最初に、親鸞聖人の場合は南無阿弥陀仏のことをどのように了解されておられたのでしょうか。親鸞聖人は幼くして両親に別れられ、9歳の時、出家・得度し、お坊さんになられ、その後、29歳まで20年間にわたって、京都の比叡山で修行されたと伝えられています。親鸞聖人は何のために、20年の長きにわたって、修行されたのでしょうか。親鸞聖人の奥さんの恵信尼のお手紙によると「生死いずべきみち」を求めておられたということが分かります。生と死を出て離れるみち、「生死いずべきみち」とはどういうことでしょうか。前回、有限なるいのちということを申しましたが、私たちが人間として、この世に生まれたということは、ひとりの例外もなく、必ず死んでいくということです。どんなに長生きしたところで、私たちは限りあるいのちを生きているということです。私たちは生まれて成長していくと、自分自身が最終的には死んでいくということを知ってしまいます。そのことが自分自身の問題になってきますと、いろんなことが、頭を巡らすことになります。自分は何のために生まれてきたのであろうか。何をするために生まれてきたのであろうか。何をすれば本当に満足するのか。自分が死ぬとはどういうことであろうか、等々。これらの問題は容易に答を見出すことができません。大変、困難な問題だと言わなければなりません。親鸞聖人の場合も、いのちを削っての、懸命な修行にも関わらず、「生死いずべきみち」の解決を得ることができませんでした。遂に、比叡山での修行を断念し、山を下りて、京都の中心地にある、聖徳太子をおまつりしている「六角堂」に100日間、籠られました。その95日目に夢の中で、法然上人のところにいくようにと告げられ、その後、法然上人のところに通うことになります。法然上人も比叡山で長きに渡って修行をされたわけですが、ずっと前に、山を下りておられ、京都の東山のふもとで、お念仏の教えを広く一般大衆に説かれていたのです。そのお念仏の教えを、来る日も、来る日も聞かれ、遂に念仏申す身になられたのでした。その時の出来事を、『歎異抄』で、「ただ念仏して弥陀にたすけられまいらすべし」という法然上人の言葉として、述べられています。親鸞聖人にとって、「生死いずべきみち」の答が、「ただ念仏して弥陀にたすけられまいらすべし」ということであったわけです。お念仏申す身に親鸞聖人はなられたのです。長い長い月日を経て、南無阿弥陀仏が親鸞聖人のところまで届いたのです。

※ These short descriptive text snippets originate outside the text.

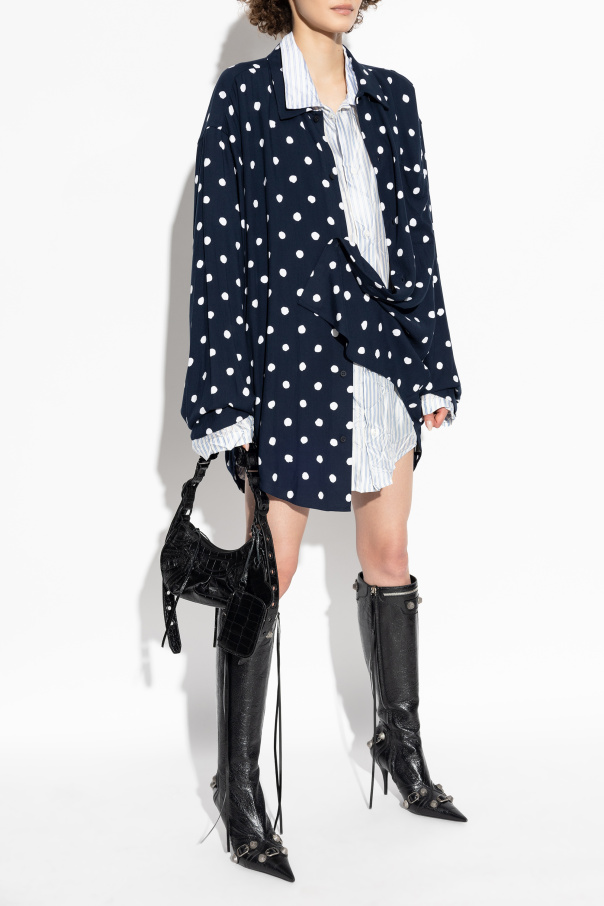 Balenciaga Polka dot shirt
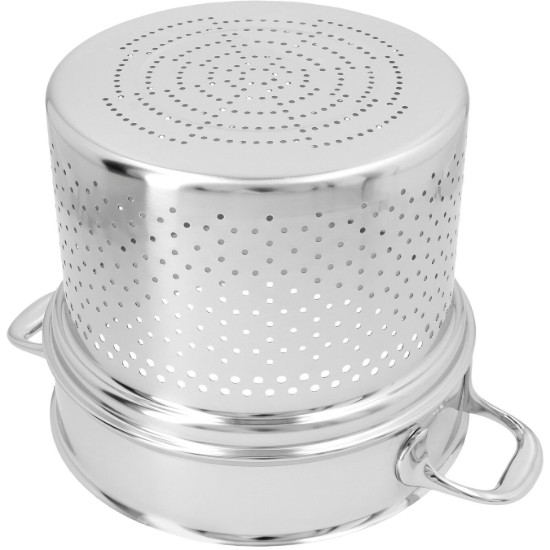 Marmite avec passoire pour pâtes, inox, 24 cm, "Atlantis" - Demeyere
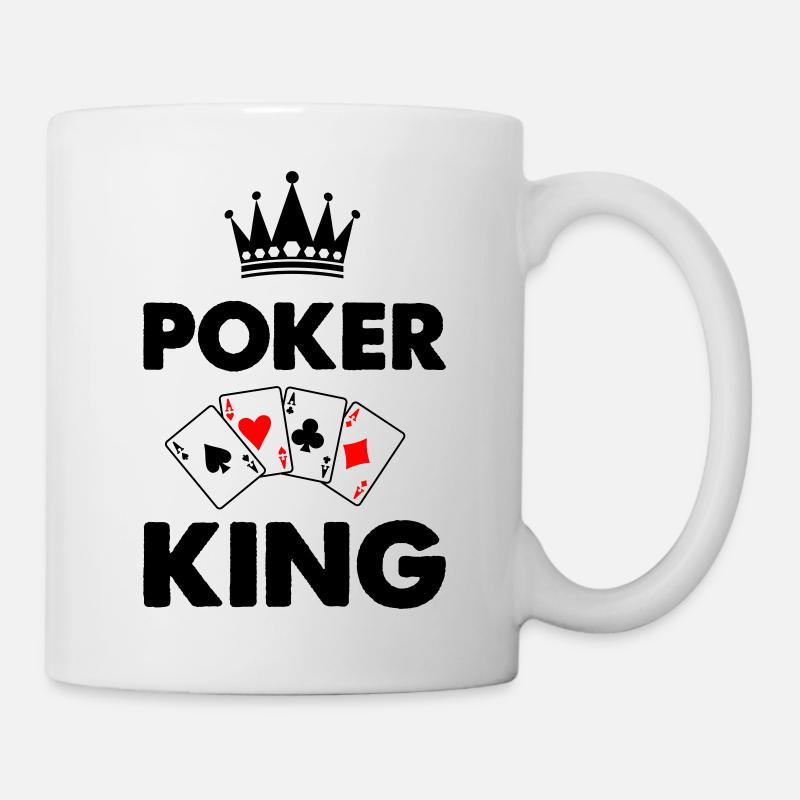 poker king - Tasse - Weiß
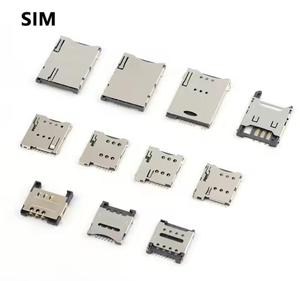 Nano Micro 6pin <span class=keywords><strong>8Pin</strong></span> thẻ Sim kết nối Push-push loại điện thoại di động Sim chủ thẻ ổ cắm cho ICS - Product Image 4
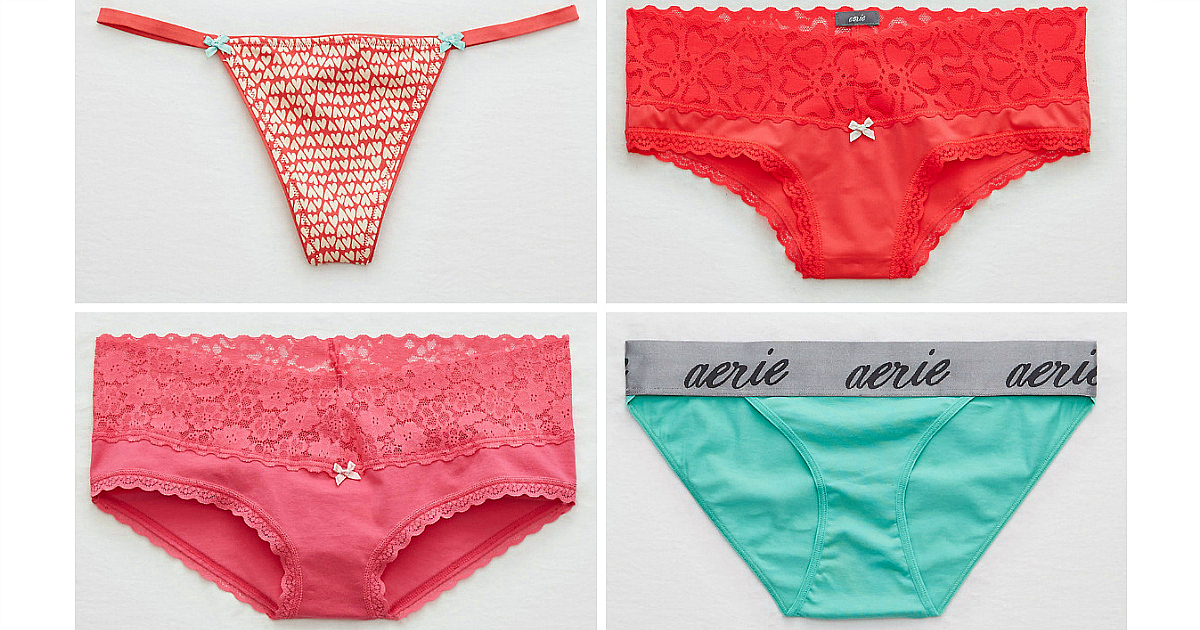 TEN Pairs of Panties Only 30 (+ Bralettes & Bras Starting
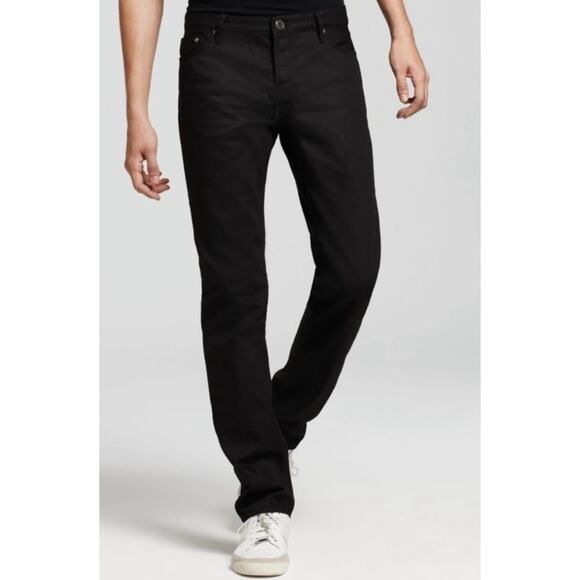 Burberry London Black Straight Leg Denim Jeans Men’s Size 34 x 32 Classic Basic - Picture 1 of 15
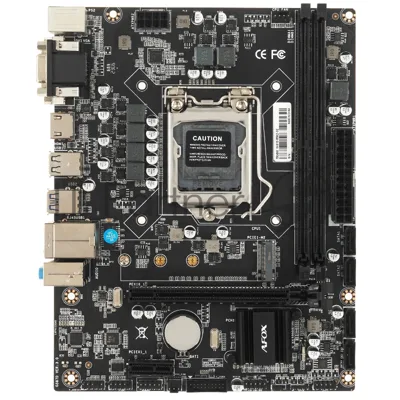 Материнская плата AFOX IH510-MA2-V2, LGA 1200, Intel H510, 2xDDR4, 4xSATA, 1xM.2, 1xPCIe 4.0 x16, DVI, HDMI, VGA, 1x1Gb LAN, 3x3.5 мм, 5.1, microATX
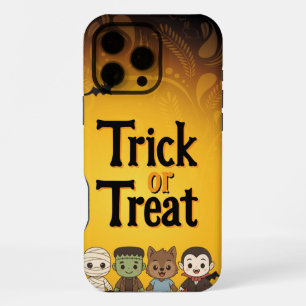 Cute mummy, Frankenstein, Dracula, werewolf    iPhone 16 Pro Max Case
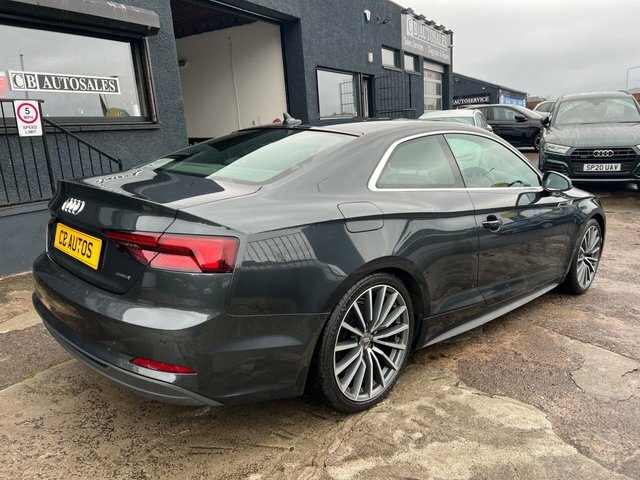 Audi A5 2018 2.0 Tdi S Line Coupe S Tronic Quat Grey #4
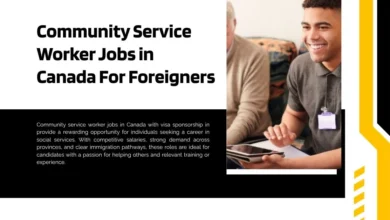 Community Service Worker Jobs in Canada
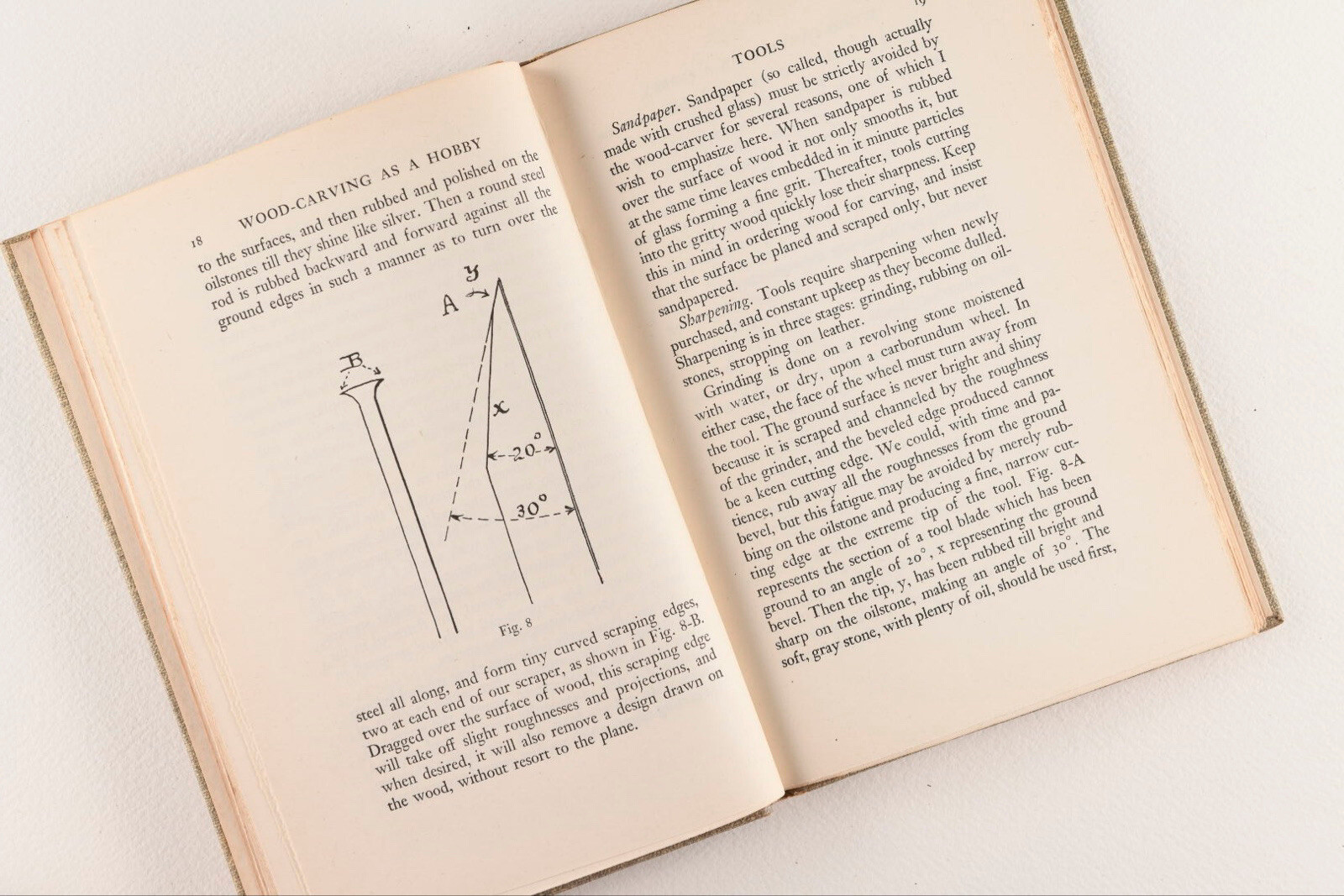 “WOOD-CARVING AS A HOBBY” By Herbert W. Faulkner HC /DJ 1934 1st Edition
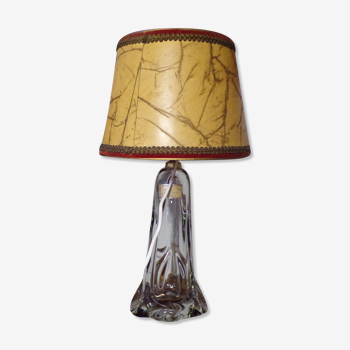 Lampe en verre de Meisenthal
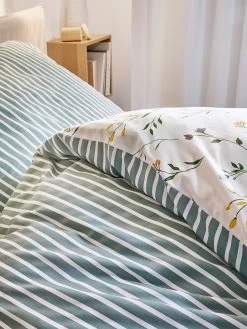 Satin-Bettwäsche, Grün -Teppichwelt Verkauf Paluma Bettwaesche Gruen 135x200 spar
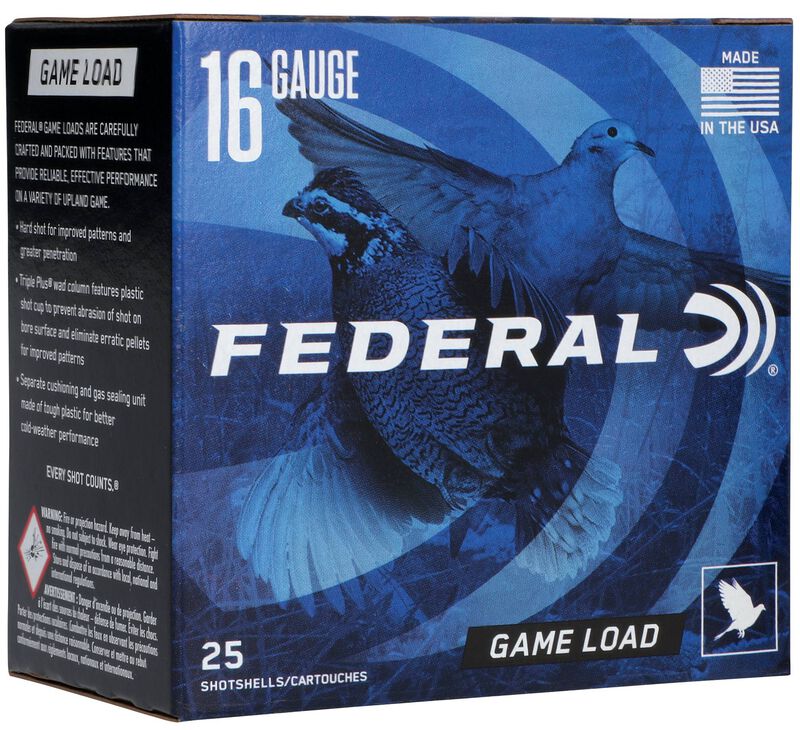 Game Load Upland, 16 Gauge, 6 Shot, 2-3/4 in, 1 oz, 1165 fps
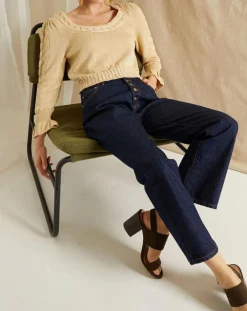 Femme Rouje Pull Lila beige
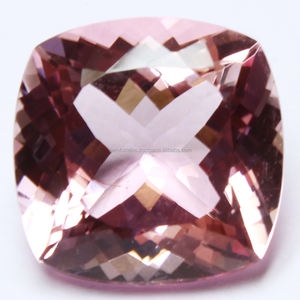 Coussin Morganite rose le plus vendu coupe à facettes fait à la main en argent/or fabrication de bijoux pierres précieuses de naissance vente en gros - Product Image 1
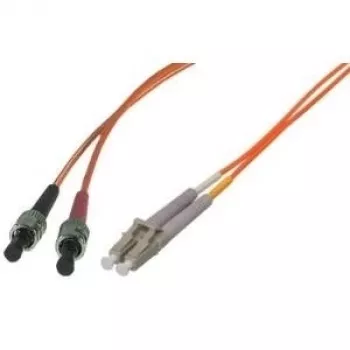 Tecline exertis Connect - Patch-Cable - ST multi-mode (M) to LC Multi-Mode (M) - 2 m - Fibre Optic - 50/125 micrometre - OM2 - orange (85402)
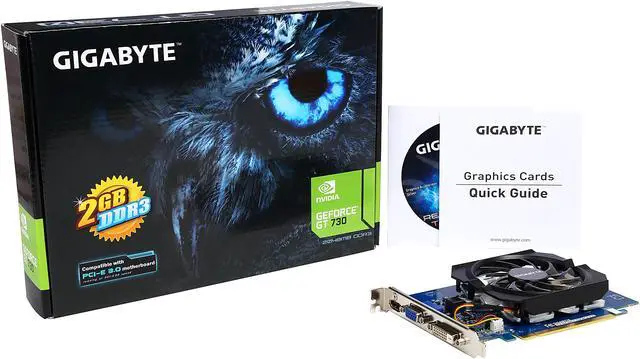 Alt view image 6 of 5 - GIGABYTE Ultra Durable 2 Series GeForce GT 730 2GB DDR3 PCI Express 2.0 ATX Graphics Card GV-N730D3-2GI (rev. 2.0)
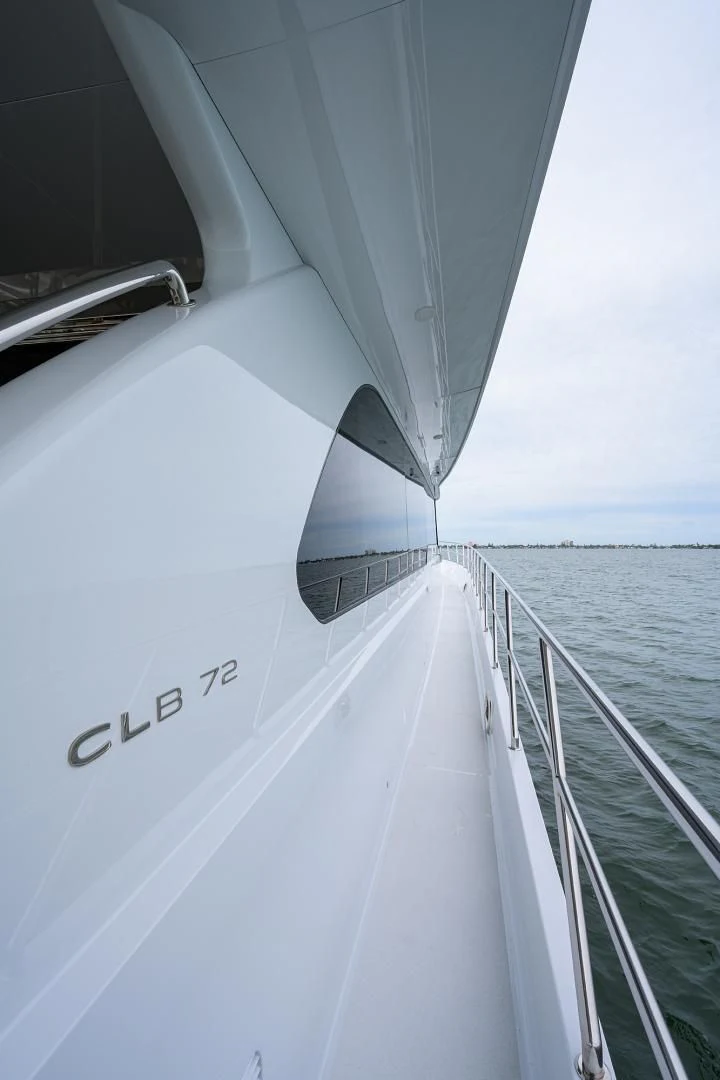 a boat on the water aboard MY 3 GALS Yacht for Sale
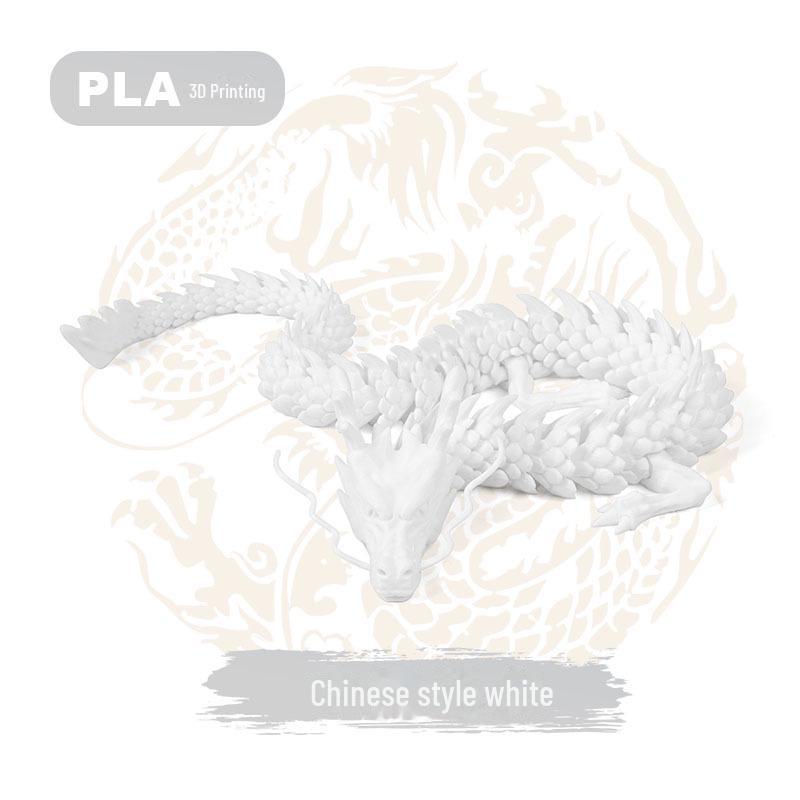 "Handcrafted 3D Printed Crystal Dragon Ornaments - Chinese Dragon & Dragon Egg Toys"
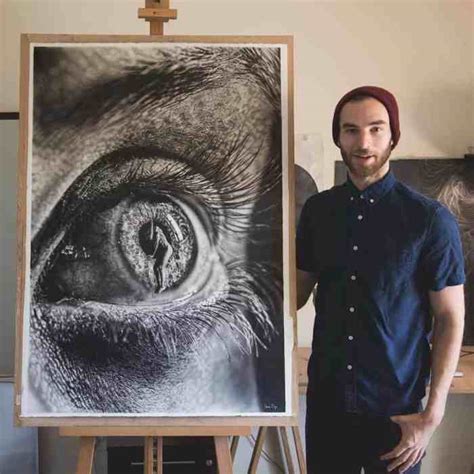 Artists Giant Pencil Drawings Showcase Both Hyper Realism And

法然上人に出遭い、お念仏申す身になられてみると、その南無阿弥陀仏には長い長い歴史があることに、親鸞聖人は気が付かれました。思えば、遠くインド、正確にはネパールにお釈迦様が生まれられて、仏教を説かれてから、千数百年を経ており、そのお釈迦様から、多くの念仏者の方々によって伝えられ、ようやくにして、親鸞聖人のところまで届いたのでした。そのときの感激はいかばかりであったことでしょう。
親鸞聖人は南無阿弥陀仏の伝統・伝承を、後に、「正信念仏偈」でインドの龍樹菩薩・天親菩薩、中国の曇鸞大師・道綽禅師・善導大師、日本の源信僧都そして、直接、出遭われた法然上人の7人の方を七高僧として賞賛されています。この七高僧は多くの念仏者の代表者ということでしょう。多くの無名の念仏者が生まれ、その念仏者の代表として、七高僧として揚げられたのでしょう。
第2回の今日は、親鸞聖人が法然上人に出遭い、念仏申す身になられたこと、そして、その南無阿弥陀仏はお釈迦様から、多くの念仏者を通して伝えられ、親鸞聖人まで届いたことについてお話しました。次の第3回は、親鸞聖人以降、南無阿弥陀仏がどのように伝統・伝承されたかを中心にお話したいと思います。